Look at the carefully chosen words Luke uses here: ‘mouth’, ‘tongue’, ‘free’, ‘speak’, ‘praise’, ‘awe’. These are very similar words used to describe what happened to lots of disciples about 33 years later on the Day of Pentecost when the Spirit came and they began to ‘speak‘ in ‘tongues’ (Acts 2:4) and people asked what was happening, hearing a people who couldn’t stop praising God with mouths set free. And a result ‘everyone was filled with awe’ (Acts 2:43). The similarity of words is intentional. It was Pentecost before Pentecost! Pentecost at Advent!!
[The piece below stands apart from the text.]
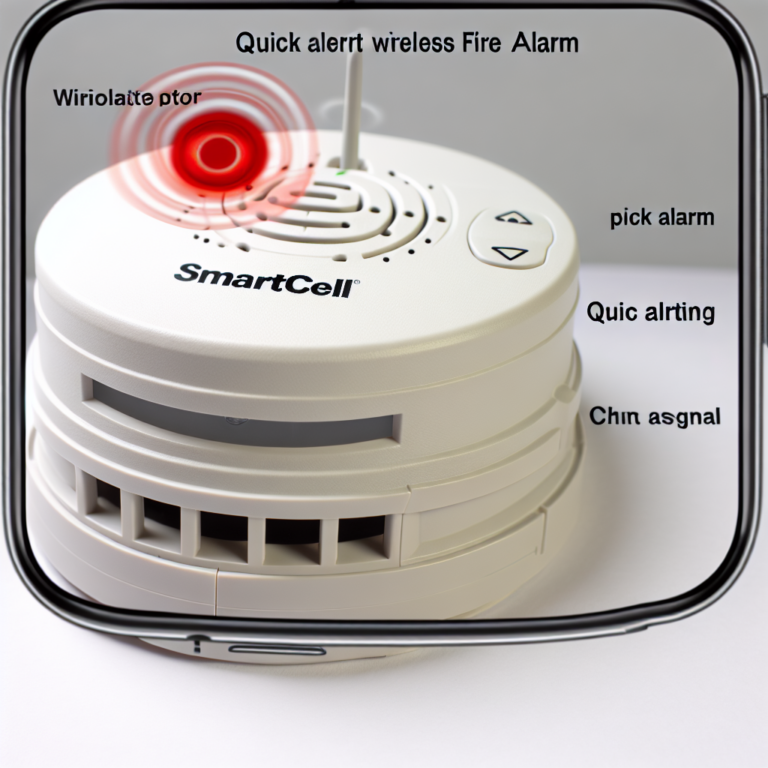 Wie der SmartCell Funk Handfeuermelder zur schnellen Alarmierung beiträgt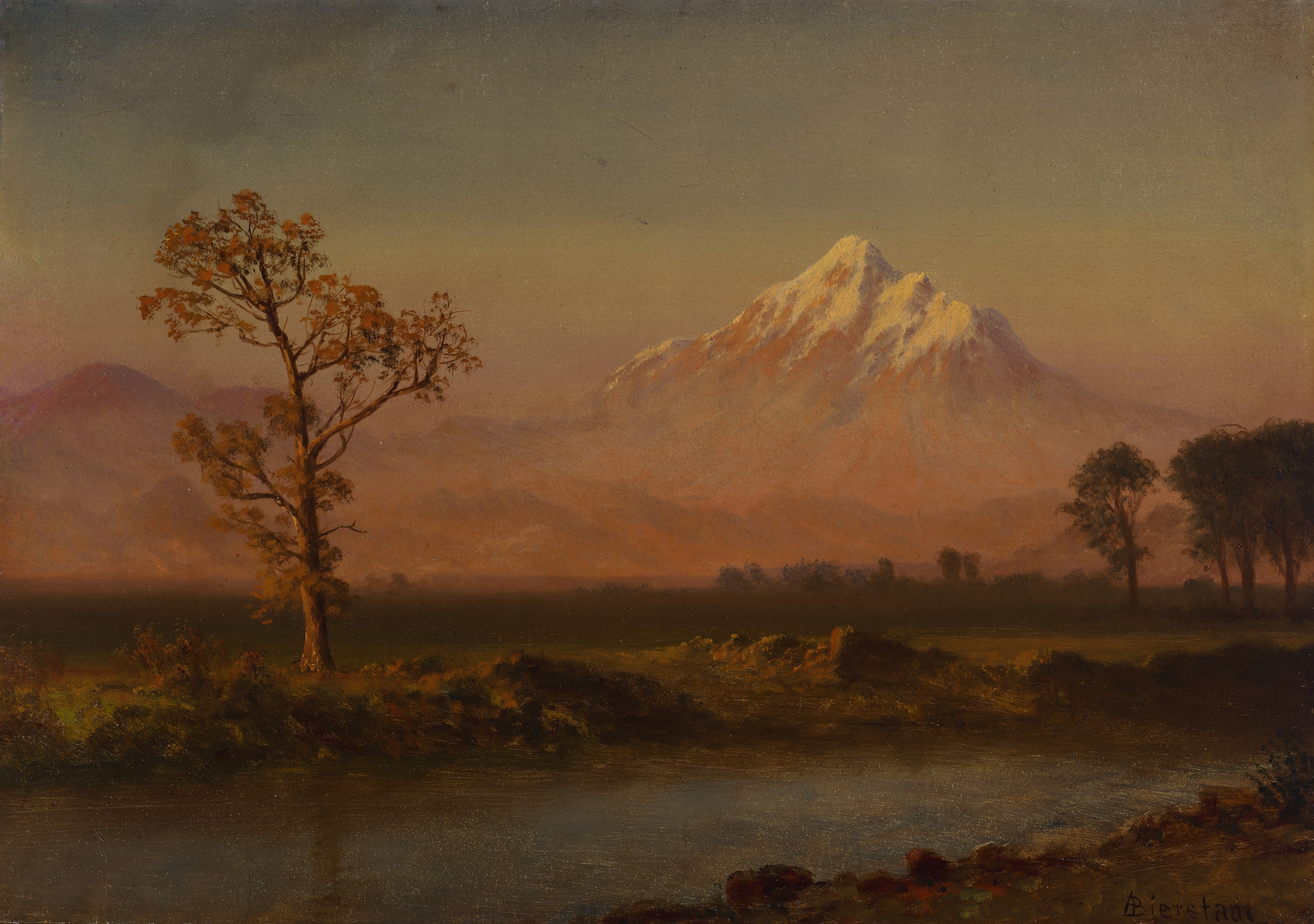 Albert Bierstadt — Крепление капюшона, изображение 1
I’m not necessarily suggesting here that Zechariah spoke in tongues (although he might!) I’m also not wanting to downplay the experiential or theological significance of what later happened on the Day of Pentecost when the church was birthed as a praising, celebrating church, impacting those around them. I’m simply saying that Zechariah praised God like never before and as a result others were affected. You see, that’s what happens. When the Spirit comes, you can’t stop praising.
All this reminds us that we don’t have to wait until we celebrate Pentecost in May to experience the Holy Spirit! He longs to come to you now – in the season on Advent – like he did to Zechariah. As you are open to his presence and, like Zechariah, are obedient to his leading and guidance (Lk 1:63) then your tongue too can be ‘set free’ to praise the Lord like never before. And this will positively effect others. It just will. Because when the Spirit comes, you can’t stop praising.
Are you ready for an Advent Pentecost?
ACTION: Think about your experience of the Holy Spirit. Do you sometimes limit him, thinking he will only touch others, rather than you? Or only work in a certain way at a certain time or place or season? Does the possibility of an Advent Pentecost surprise you? If so, write down in your Notebook: ‘Lord, change my thinking’. God loves to do that (Romans 12:2)!
PRAY: Have the ancient prayer ‘Come Holy Spirit’ as a regular prayer on your lips today and in these coming days. Allow the Lord to bring to mind others you could pray such a prayer for, and cover them in prayer using those simple words. Finally pray for the Spirit to come to you today. Then begin to praise God.